**EXERCISE PROMPT:** All of the data below should be printed again exactly, pictures excluded.

**MATERIAL TO PROCESS:**

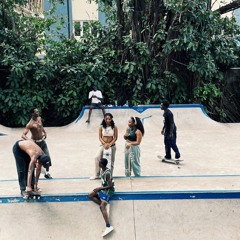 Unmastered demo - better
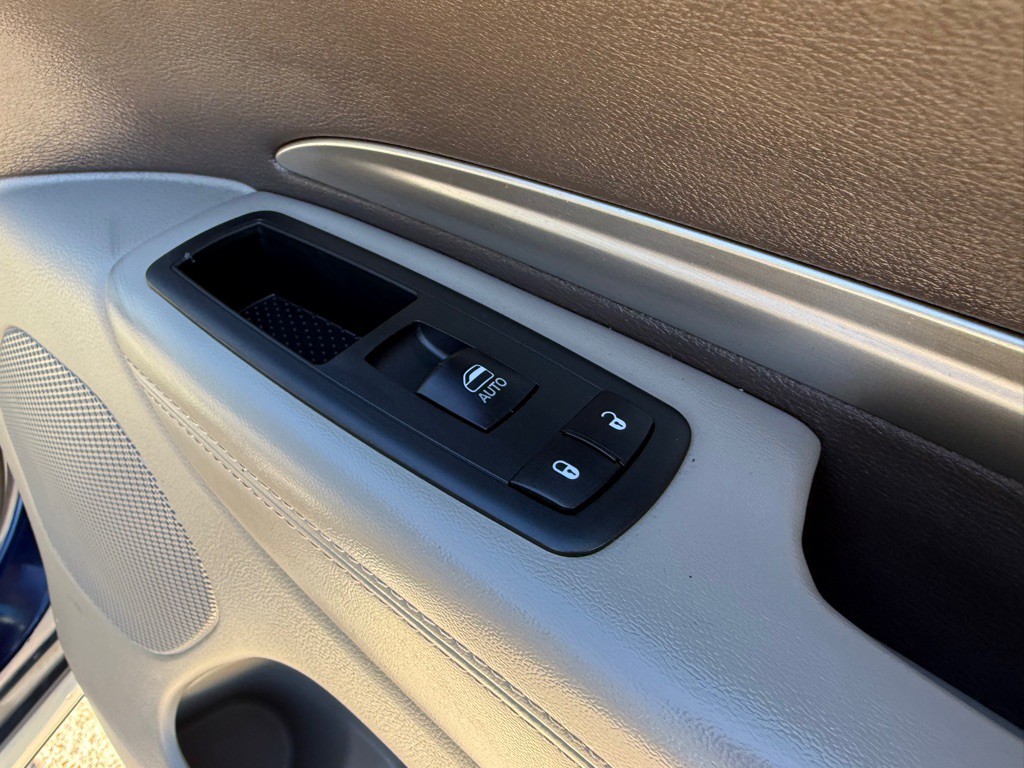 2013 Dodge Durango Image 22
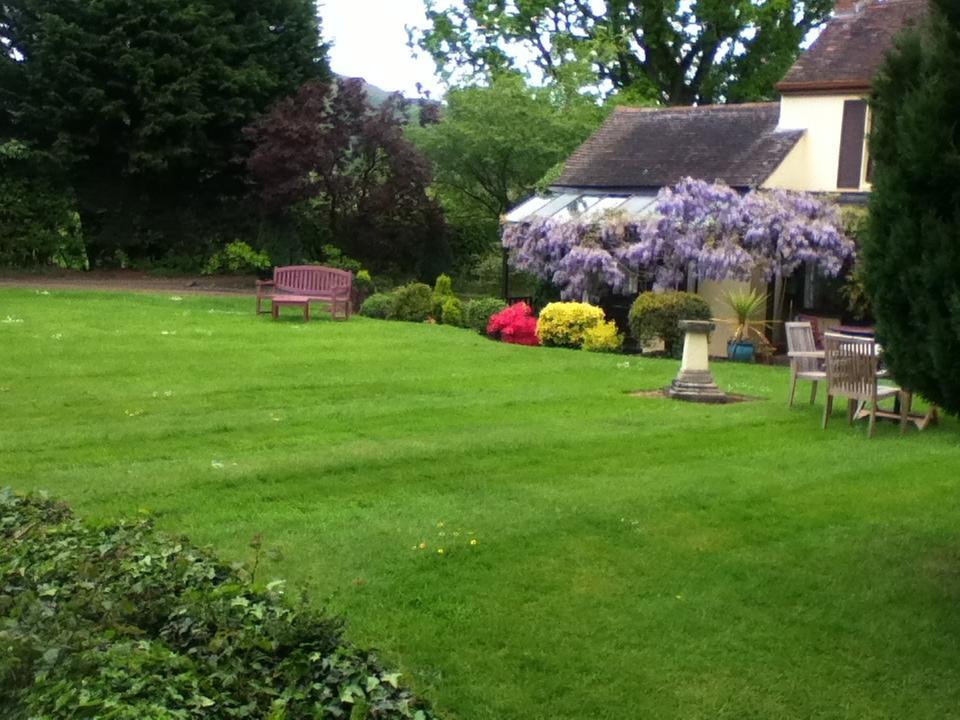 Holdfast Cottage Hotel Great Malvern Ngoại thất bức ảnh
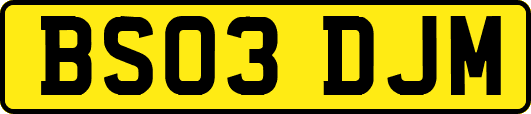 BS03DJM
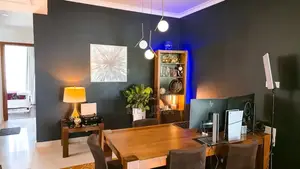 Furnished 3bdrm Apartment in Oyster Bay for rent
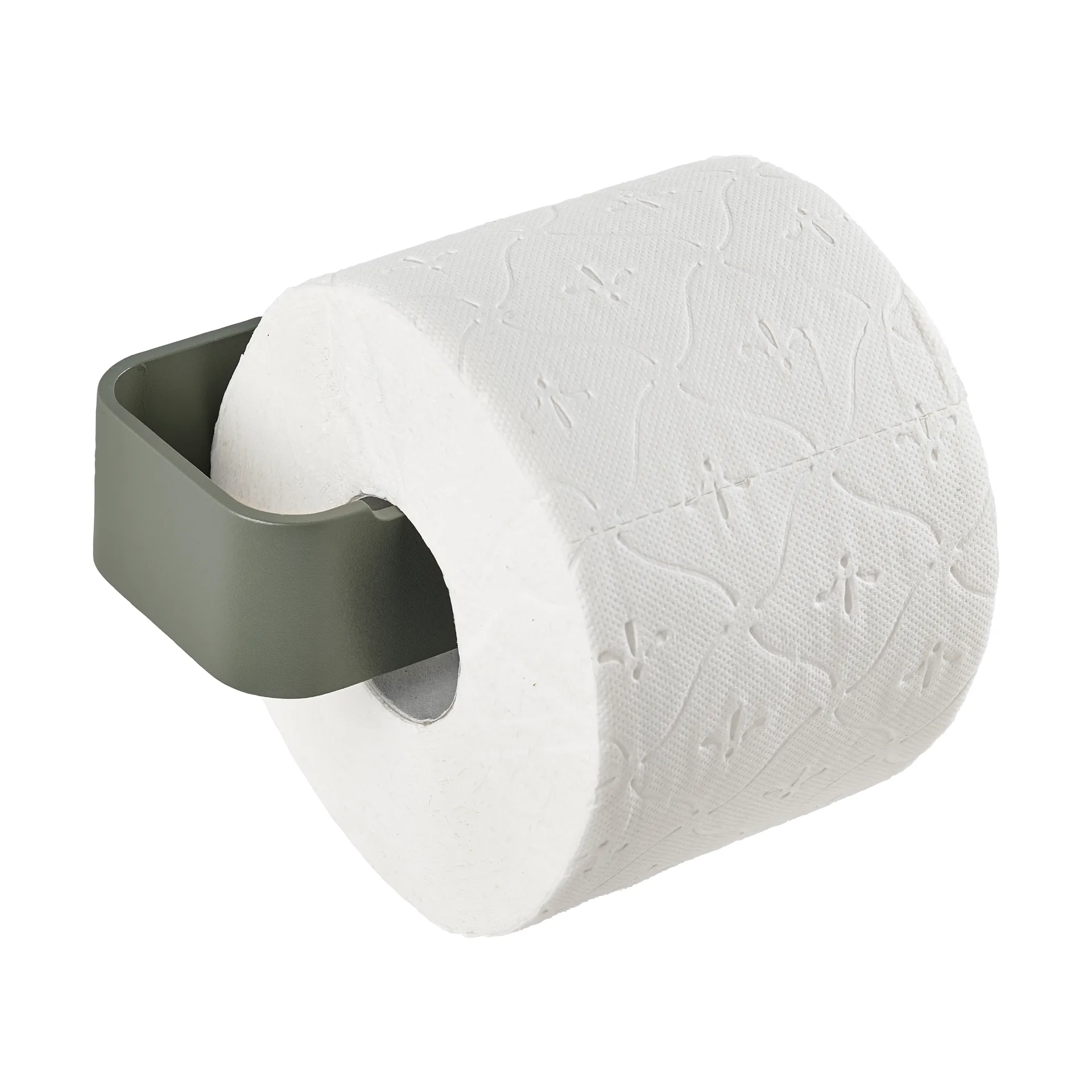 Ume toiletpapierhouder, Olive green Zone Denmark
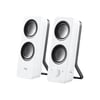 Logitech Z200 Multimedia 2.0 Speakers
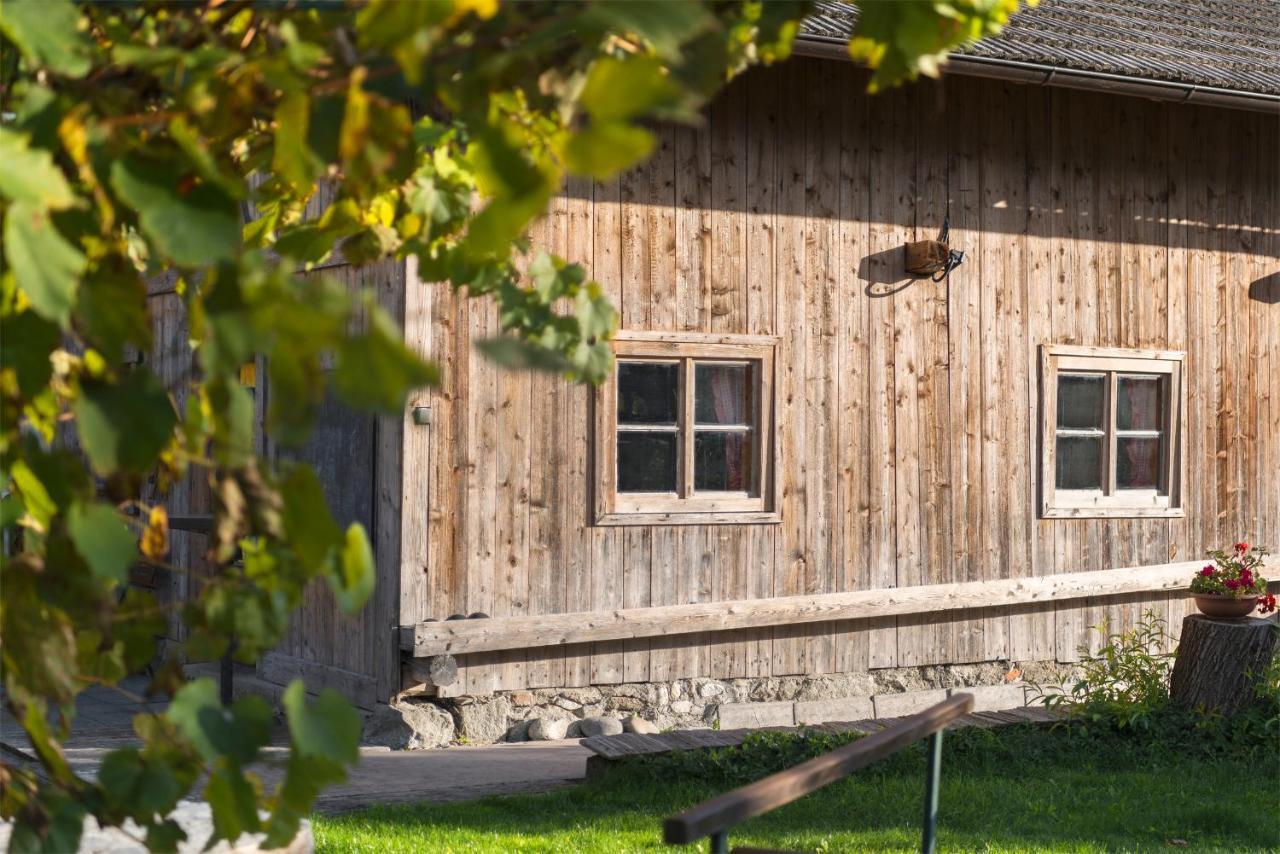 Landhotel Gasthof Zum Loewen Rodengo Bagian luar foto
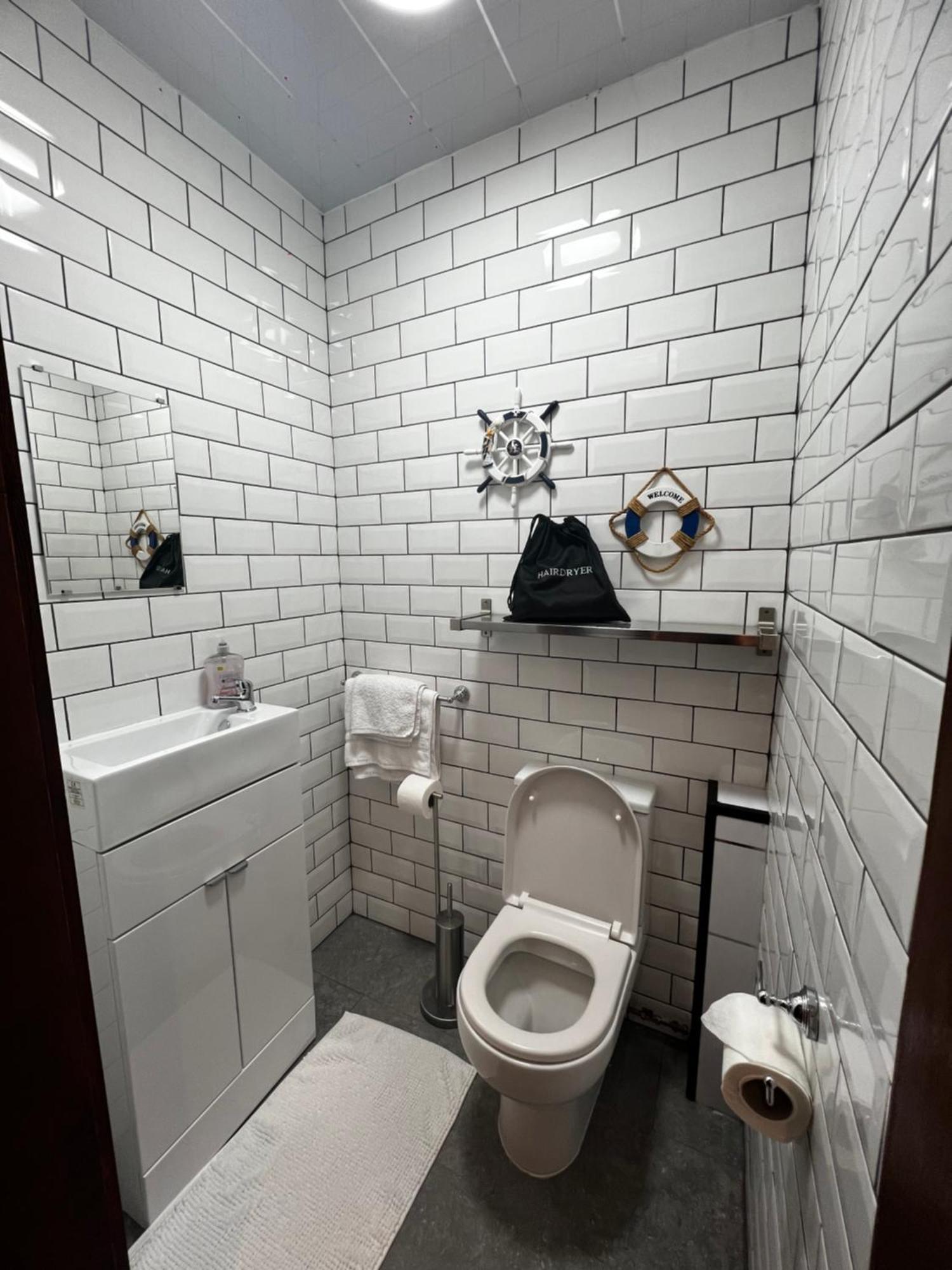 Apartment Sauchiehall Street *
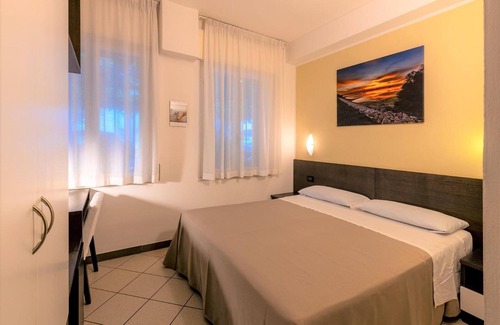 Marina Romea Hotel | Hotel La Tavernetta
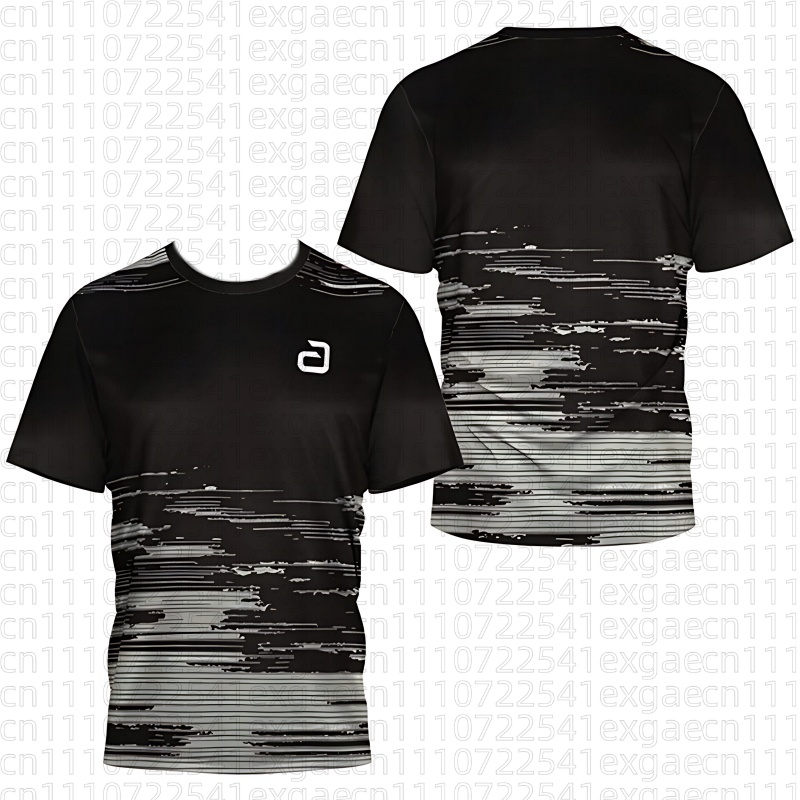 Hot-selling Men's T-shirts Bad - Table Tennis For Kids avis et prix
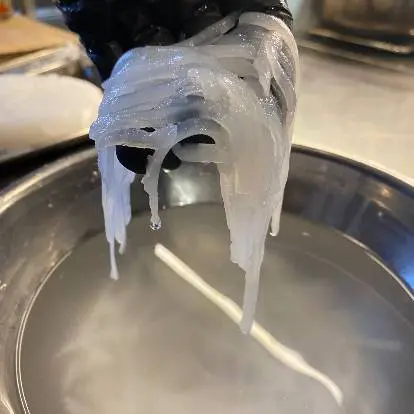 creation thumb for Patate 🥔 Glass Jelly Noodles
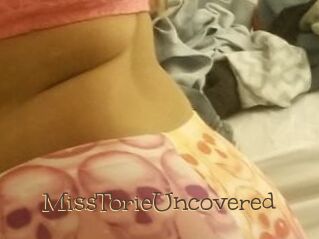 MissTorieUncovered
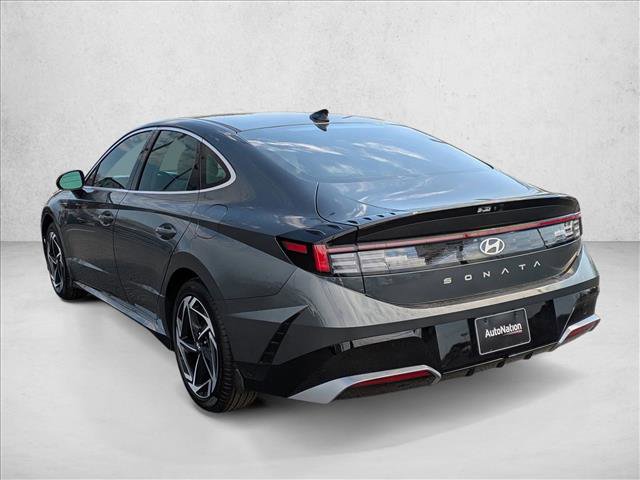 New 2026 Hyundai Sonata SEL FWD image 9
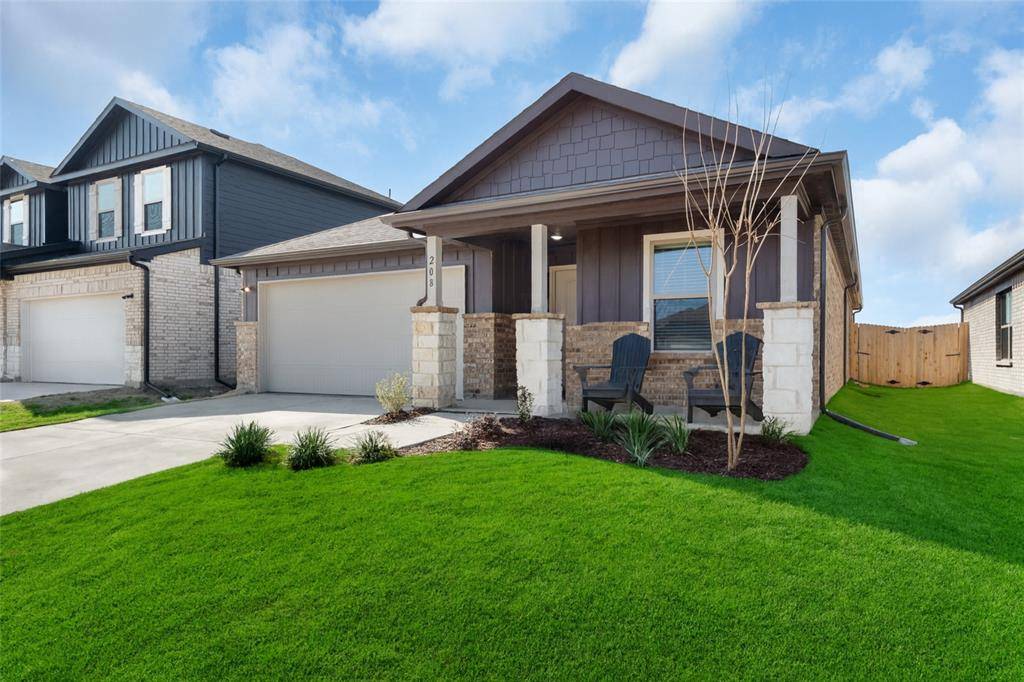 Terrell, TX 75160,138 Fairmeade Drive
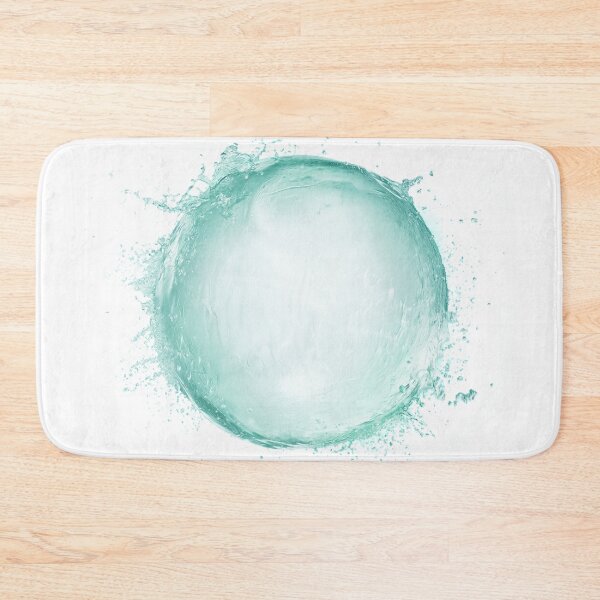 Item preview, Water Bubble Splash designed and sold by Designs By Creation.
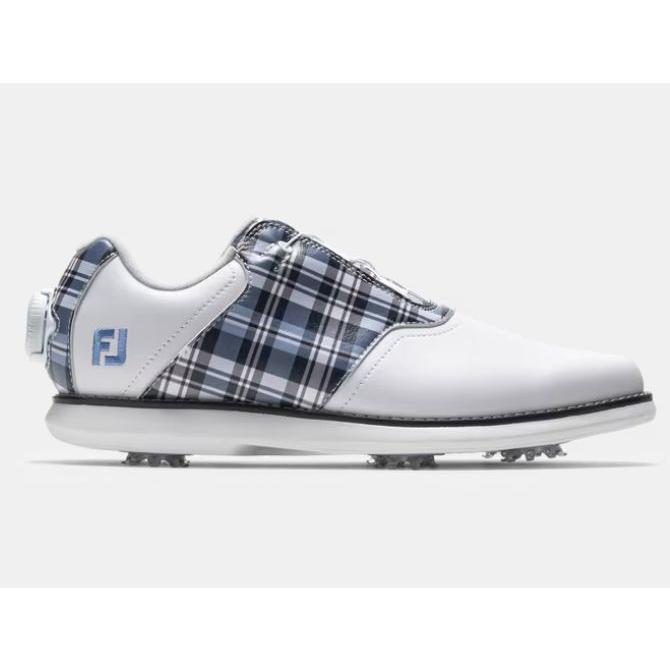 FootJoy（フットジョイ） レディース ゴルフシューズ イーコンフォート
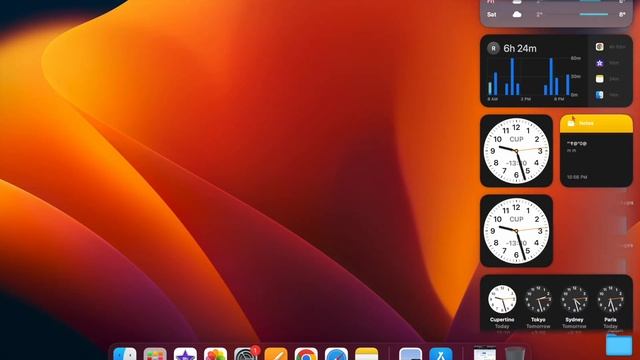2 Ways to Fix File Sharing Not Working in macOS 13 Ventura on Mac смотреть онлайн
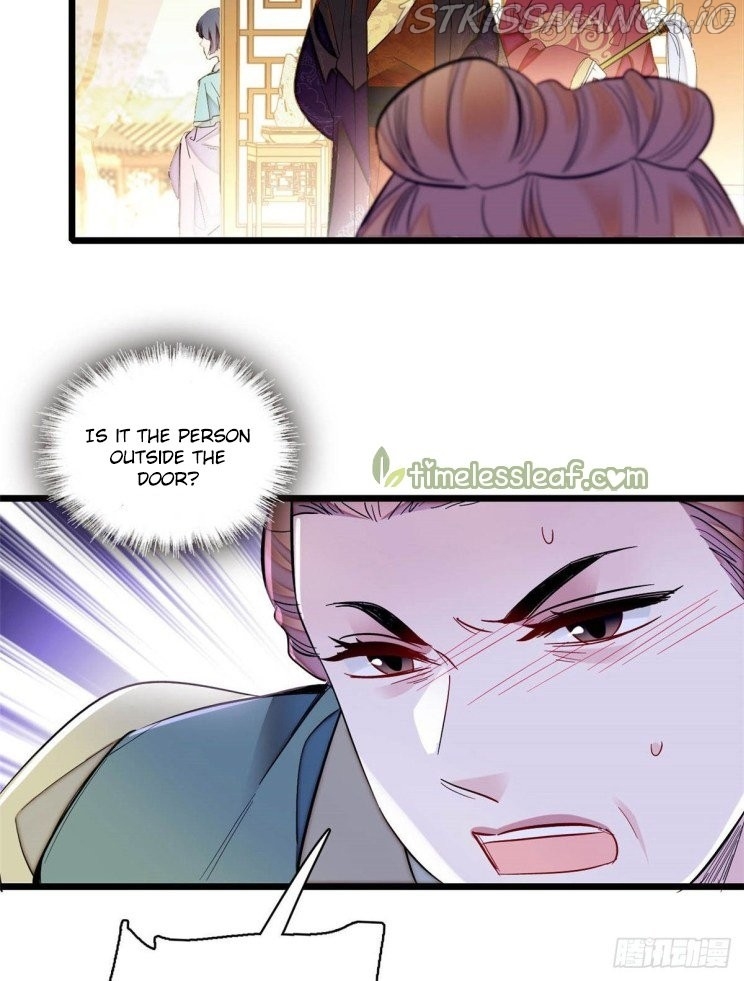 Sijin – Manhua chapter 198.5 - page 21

**WRITTEN ANSWER:**
 Unmastered demo - better
 2013 Dodge Durango Image 22
 Holdfast Cottage Hotel Great Malvern Ngoại thất bức ảnh
 BS03DJM
 Furnished 3bdrm Apartment in Oyster Bay for rent
 Ume toiletpapierhouder, Olive green Zone Denmark
 Logitech Z200 Multimedia 2.0 Speakers
 Landhotel Gasthof Zum Loewen Rodengo Bagian luar foto
 Apartment Sauchiehall Street *
 Marina Romea Hotel | Hotel La Tavernetta
 Hot-selling Men's T-shirts Bad - Table Tennis For Kids avis et prix
 creation thumb for Patate 🥔 Glass Jelly Noodles
 MissTorieUncovered
 New 2026 Hyundai Sonata SEL FWD image 9
 Terrell, TX 75160,138 Fairmeade Drive
 Item preview, Water Bubble Splash designed and sold by Designs By Creation.
 FootJoy（フットジョイ） レディース ゴルフシューズ イーコンフォート
2 Ways to Fix File Sharing Not Working in macOS 13 Ventura on Mac смотреть онлайн
 Sijin – Manhua chapter 198.5 - page 21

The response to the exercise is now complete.